The whooping cranes have returned from the south to an area nearby.  Some were raised there and some have just showed up at the habitat for the first time.


The sandhill cranes are nesting within sight of our windows.  They were beginning to nest closer but some bad weather and flooding moved them a short distance away.  We can't see them as well, but we will be able to see when the egg or eggs hatch.


There are always the bluebirds, the various ducks and the tree swallows.  Neither the tree swallows nor the bluebirds are nesting in our yard yet, but they are in the area and should begin soon.  I can't even begin to mention all of the species of birds we see around our house.

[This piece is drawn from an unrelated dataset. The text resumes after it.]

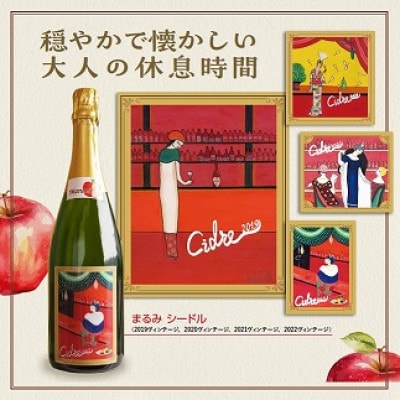 まるみ シードル 1本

This year the most exciting times have revolved around the Great Blue Heron.  Every year they come to our marsh to fish.  I see them and I photograph them often.  This spring I saw one actually eating fish.  They wait so patiently, then slowly move in as if they are walking on tip toes and suddenly dip their head into the water and come out with a fish.  I saw it twice so far this spring.  One fish was very large and it took him a long time to swallow it.  Another time it looked like a pan fish.  It is amazing how they can just swallow a fish whole.




This morning a Great Blue Heron flew up into a tree outside our dining room window.  He sat there for the longest time.  I don't usually see them sitting in a tree unless they are nesting.


Speaking of Great Blue Herons nesting in trees, we actually have a Great Blue Heron Rookery in our area. If you have ever seen a group of huge nests made of large sticks in tall tree tops, you have seen one of these rookeries.  They are the spring nesting place for these large birds.  I was always under the impression that Great Blue Herons had young ones in the south during our winter.  I never really knew for sure, I just assumed.  Assuming is never a good thing.  Rookeries can have more than a hundred nests in them, but this one has around 20 or so.




I don't know how long this rookery has been here or why they chose this particular location.   This is the first year I knew about them.  As much as things stay the same, they also evolve.  You never can predict what the changes will be or what you will see from year to year.

2 comments:

  1. Thank you for this interesting blog. I learned something new today. I will get my sugar water ready for our little feathered friends. Thanks for the reminder. Hugs to you.